Part 5.

20.5K 2.7K 245
                                    

"Ck, harus yah aku pulang?" tanya Alpin berat hati.

Rasanya Ruby ingin membuang anak itu kelaut. Pasalnya. Sejak tadi Alpin uring-uringan dalam mobil. Bocah itu tak ingin pulang dari rumah sakit.

Bahkan William harus turun tangan ketika bocah itu keras kepala. Alpin berkata jika dia ingin tinggal di rumah sakit saja, bocah itu tak ingin pulang.

"Ar, disana tempat orang sakit. Dan kamu itu sudah sembuh."  Ruby mencoba sabar berada di samping bocah tengik ini.

"Rela aku yang sakit terus, kalau susternya spek bidadari." Alpin patah hati ketika dia di suruh pulang. Padahal dia sangat betah berada di rumah sakit.

Bagaimana bisa dia tidak betah jika Susternya cantiknya kelewatan. Mana smua body goals, makan di suapi, kalo seperti itu siapa coba yang mau pulang?

"Jadi kamu milih terbaring di rumah sakit karena penyakit kamu itu?"

"Kenapa tidak, bisa di manja oleh suster yang memiliki bod-

Ctak

"Bodoh!"

Alpin memalingkan muka. Padahal dia sudah enak-enak di rawat oleh perawat rumah sakit. Eh malah di suruh pulang.

Muka Alpin makin di tekuk ketika mobil yang ia tumpangi memasuki kawasan mansion. Apalagi banyaknya motor yang terparkir Alpin jadi sangat malas untuk masuk kedalam.

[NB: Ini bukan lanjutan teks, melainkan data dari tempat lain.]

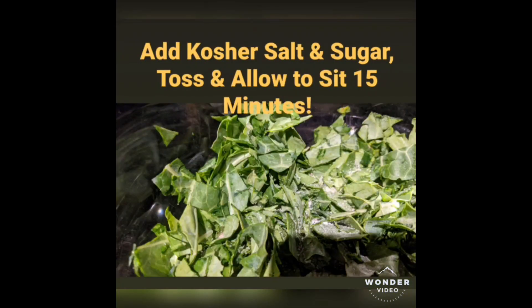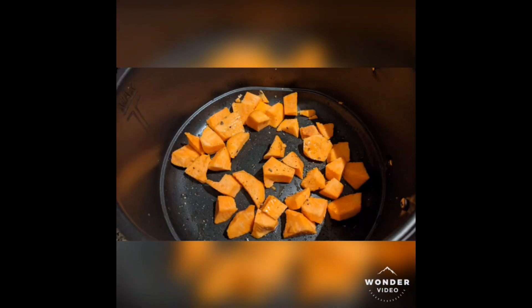And then you've got to tenderize them. You do that really simply — some kosher salt and sugar. Toss those leaves, let it sit for 15 minutes, and then grab a sweet potato while you're waiting on those to tenderize.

Tetapi Ruby menarik tangannya untuk masuk. Di dalam saja terdengar gelak tawa. Sepertinya semua teman abang nya itu ada didalam.

Melihat Alpin yang datang bersama Ruby, Vero beeceletuk, "Oh lo ngapain nyeret dia Ruby? Dia udah nyerah jadi gelandangan?"

"Bang jangan gitu," tegur Helga lembut.

"Biarin aja dek, dia itu nyusahin. Semalaman dia ga pulang. Siapa tau bukan dia lagi belajar jadi gelandangan," hina Vero.

Helga terkekeh pelan, "Tapi abang ga boleh ngomong seperti itu, Arsen masih adik abang."

"Cih, gasudi. Kenapa bukan kamu aja sih yang jadi adek abang," kata Vero. Helga tak menjawab, dia tersenyum ketika Vero mencubit pipinya.

"Udahlah, bener kata si Vero. Dasarnya dia kan ga bisa apa-apa tanpa saudaranya. Tiap hari juga kerjaannya jadi penganggu yang menyusahkan," imbuh Rizal.

Alpin? Bocah itu mengangkat bahu acuh. Dia menyuruh Ruby tenang saat melihat pemuda itu terbawa emosi. Dia juga menyuruh Ruby untuk segera pulang karena dia ingin istirahat.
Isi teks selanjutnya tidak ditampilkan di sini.